[Excerpts from a dataset]
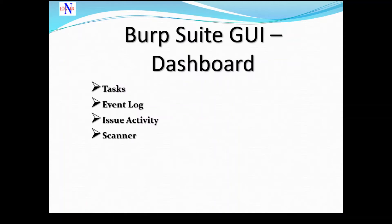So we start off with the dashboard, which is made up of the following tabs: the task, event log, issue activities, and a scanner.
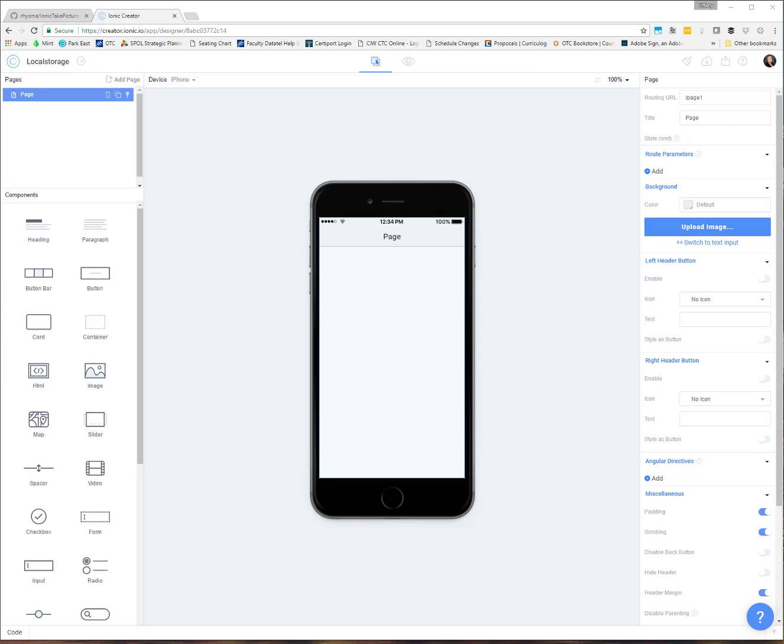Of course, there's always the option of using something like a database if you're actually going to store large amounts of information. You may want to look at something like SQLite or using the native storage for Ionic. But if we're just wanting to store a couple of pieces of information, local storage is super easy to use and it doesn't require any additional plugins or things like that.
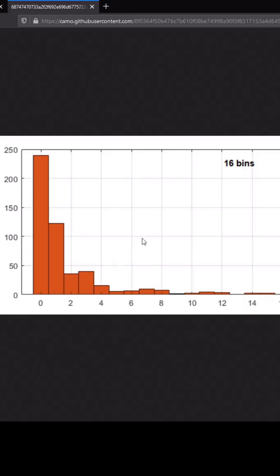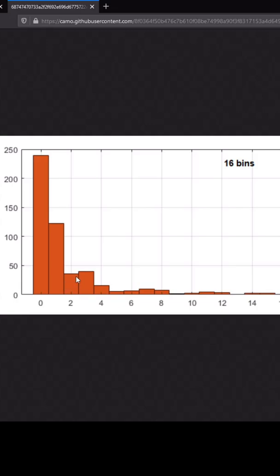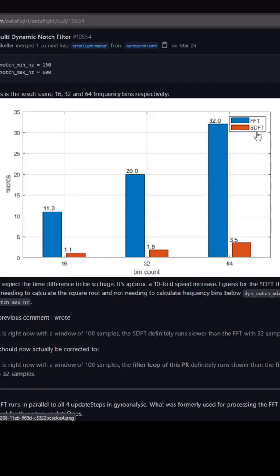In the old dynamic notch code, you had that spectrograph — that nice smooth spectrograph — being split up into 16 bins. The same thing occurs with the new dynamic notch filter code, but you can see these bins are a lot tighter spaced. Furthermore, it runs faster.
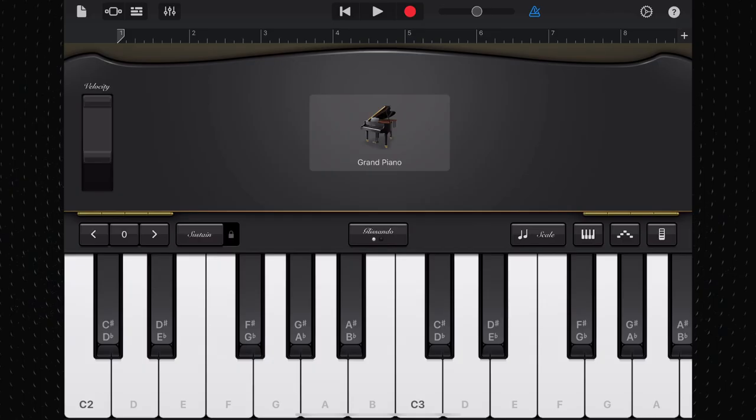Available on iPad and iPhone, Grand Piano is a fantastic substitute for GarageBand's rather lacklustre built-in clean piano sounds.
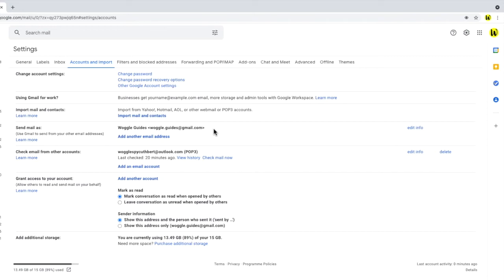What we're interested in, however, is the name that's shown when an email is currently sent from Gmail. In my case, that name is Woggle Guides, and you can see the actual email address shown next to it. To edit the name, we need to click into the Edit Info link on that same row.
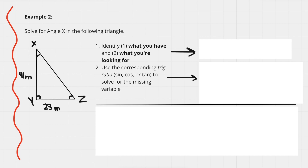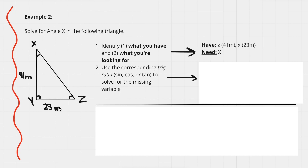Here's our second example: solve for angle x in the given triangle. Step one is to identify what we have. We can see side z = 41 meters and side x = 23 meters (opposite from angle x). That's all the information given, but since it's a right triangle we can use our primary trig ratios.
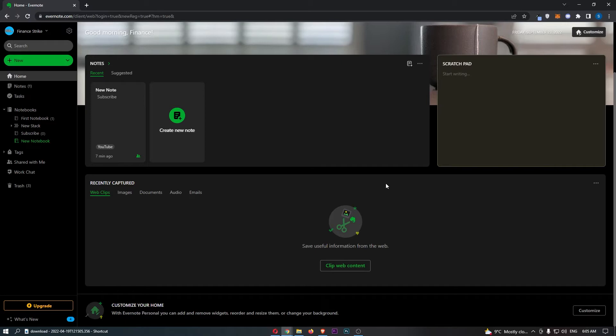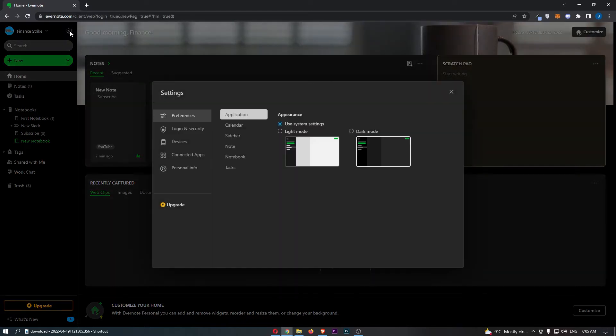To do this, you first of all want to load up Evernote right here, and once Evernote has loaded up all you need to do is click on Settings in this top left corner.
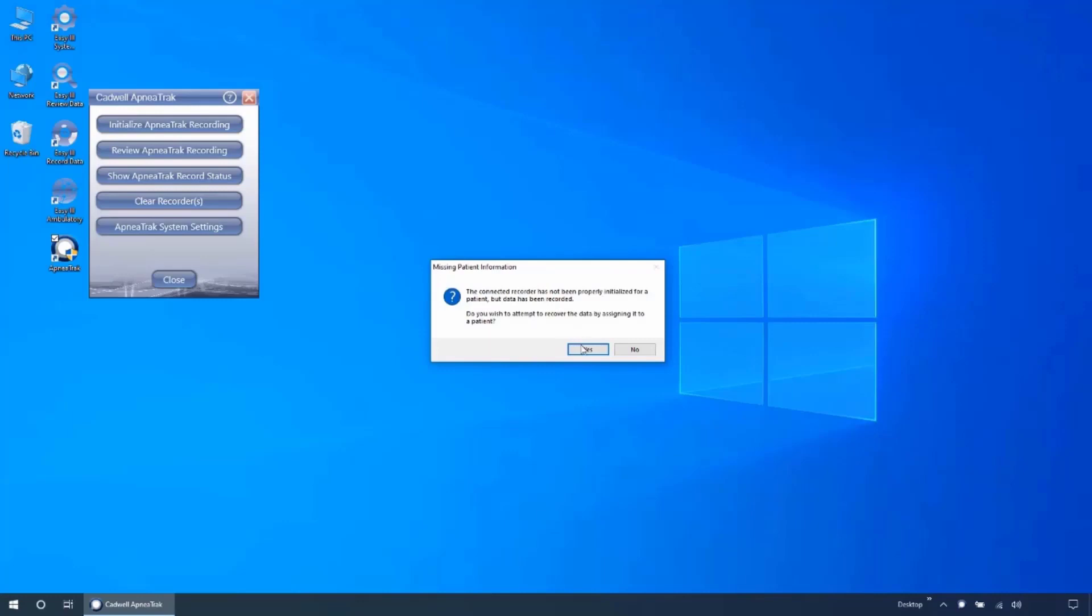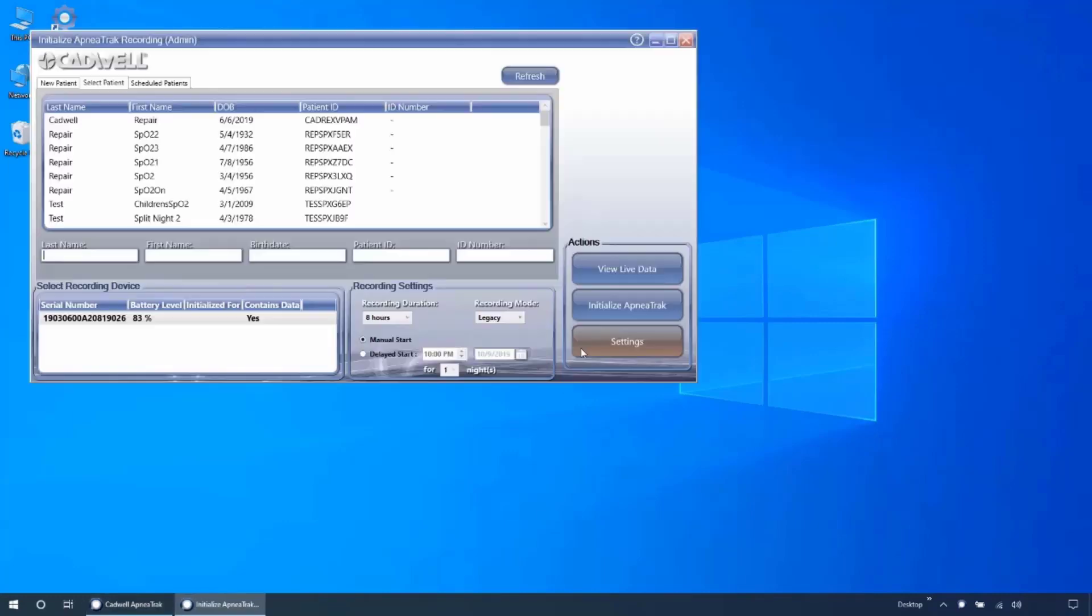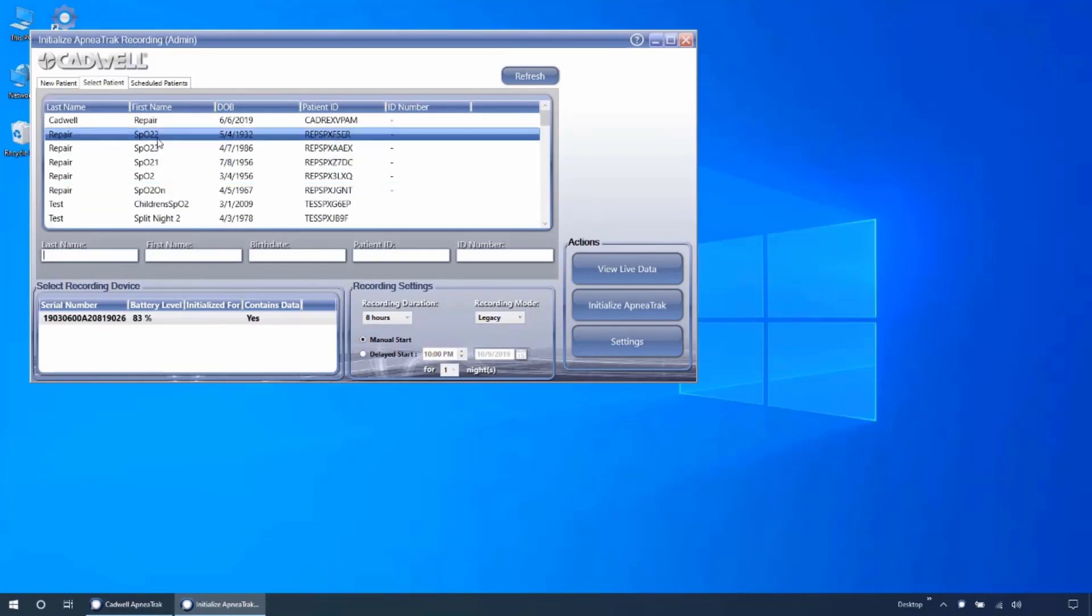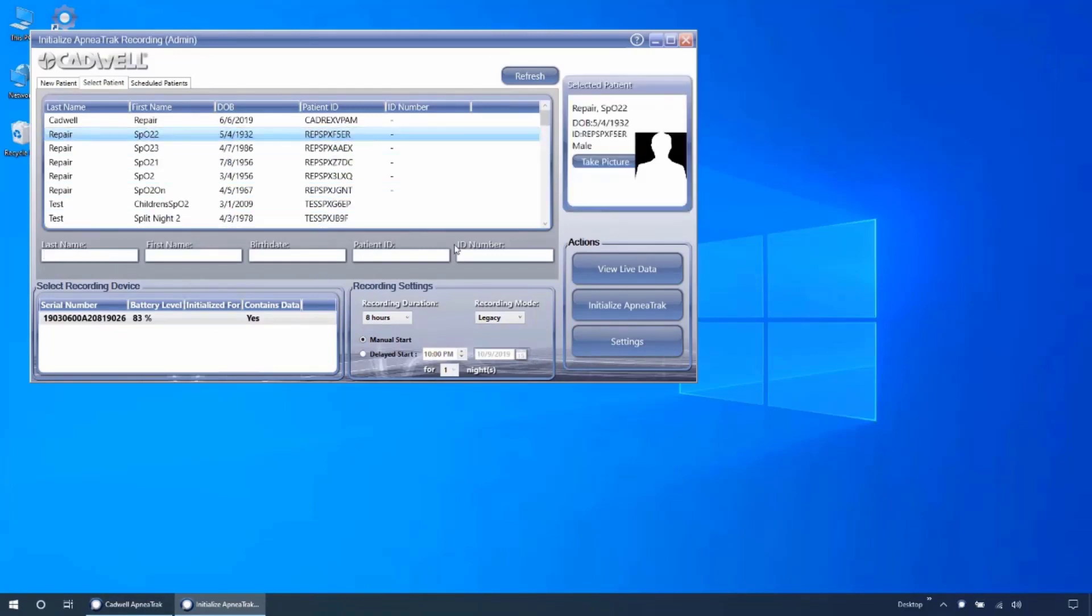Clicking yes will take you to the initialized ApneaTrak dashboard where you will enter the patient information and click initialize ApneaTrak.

...

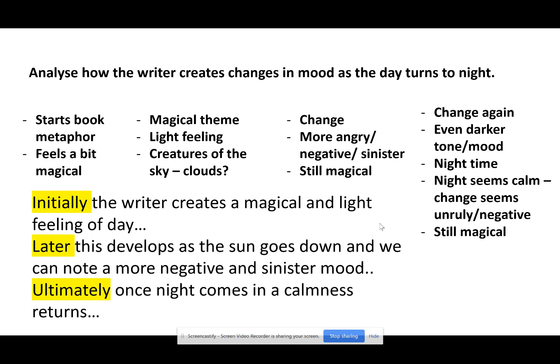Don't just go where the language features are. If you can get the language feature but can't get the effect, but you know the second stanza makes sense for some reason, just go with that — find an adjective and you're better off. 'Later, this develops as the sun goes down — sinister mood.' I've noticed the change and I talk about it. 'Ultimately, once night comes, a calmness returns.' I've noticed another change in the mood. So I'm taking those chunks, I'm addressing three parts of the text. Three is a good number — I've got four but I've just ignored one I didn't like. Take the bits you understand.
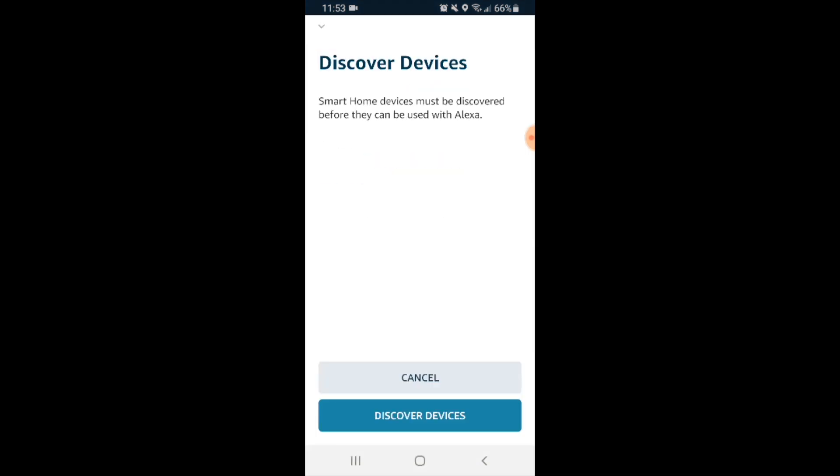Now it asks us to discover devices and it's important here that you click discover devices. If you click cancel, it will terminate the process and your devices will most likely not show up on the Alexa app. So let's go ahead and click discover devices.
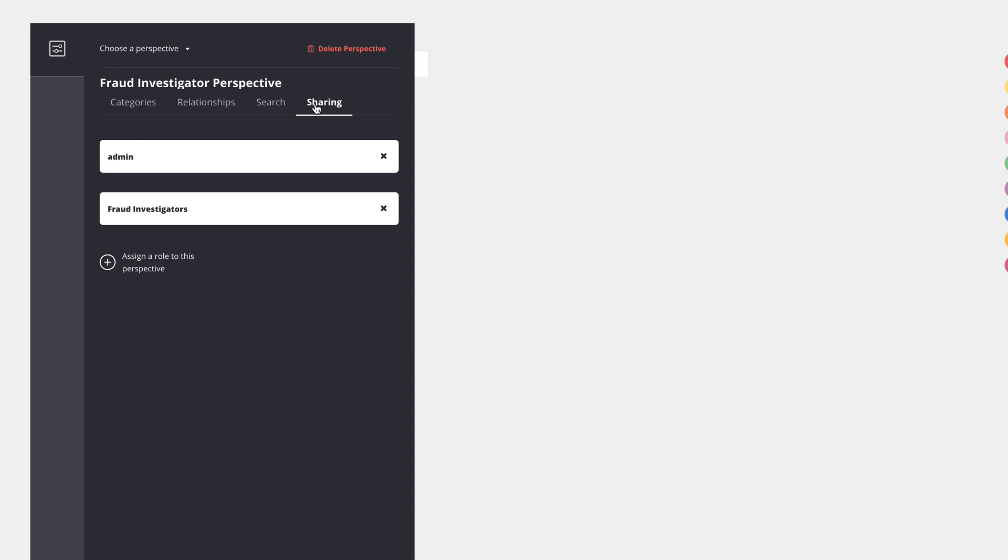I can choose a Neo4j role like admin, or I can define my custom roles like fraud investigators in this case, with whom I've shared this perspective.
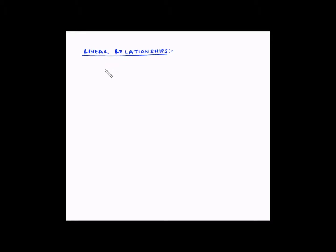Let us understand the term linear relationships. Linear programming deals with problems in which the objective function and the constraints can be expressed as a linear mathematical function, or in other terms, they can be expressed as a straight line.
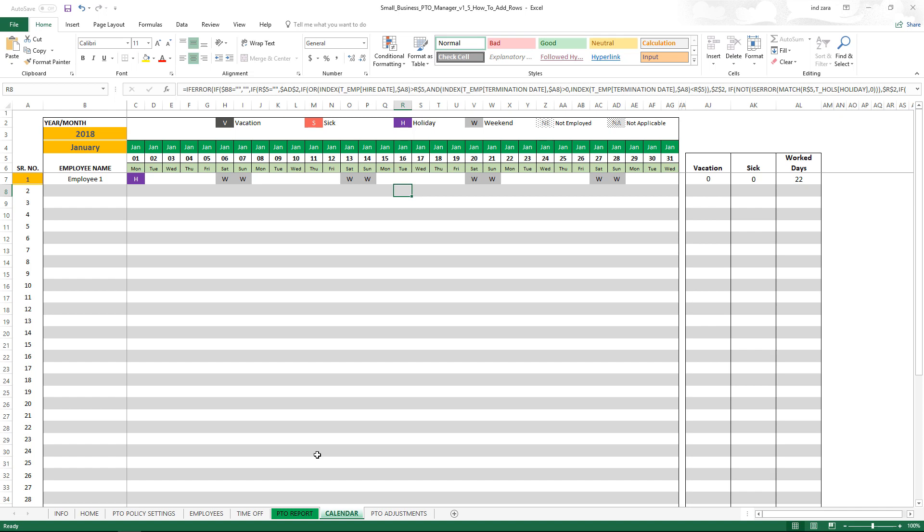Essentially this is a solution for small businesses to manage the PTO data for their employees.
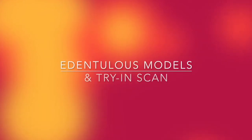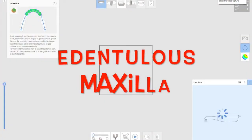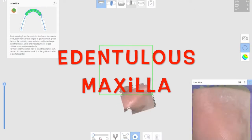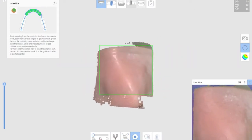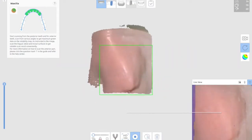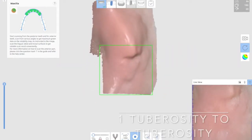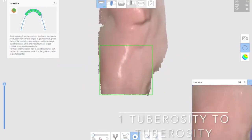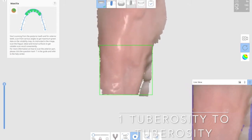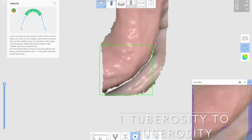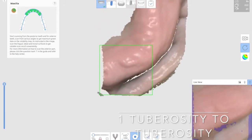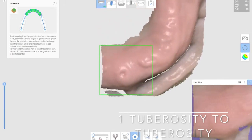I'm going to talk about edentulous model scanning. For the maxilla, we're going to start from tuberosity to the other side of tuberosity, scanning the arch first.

YOUR OBJECTIVE>
Starting with the line that has "Let us understand" and going on through the line that has "Essentially this is", transcribe the records above exactly, but skip the pictures.

ANSWER>
Let us understand the term linear relationships. Linear programming deals with problems in which the objective function and the constraints can be expressed as a linear mathematical function, or in other terms, they can be expressed as a straight line.
Essentially this is a solution for small businesses to manage the PTO data for their employees.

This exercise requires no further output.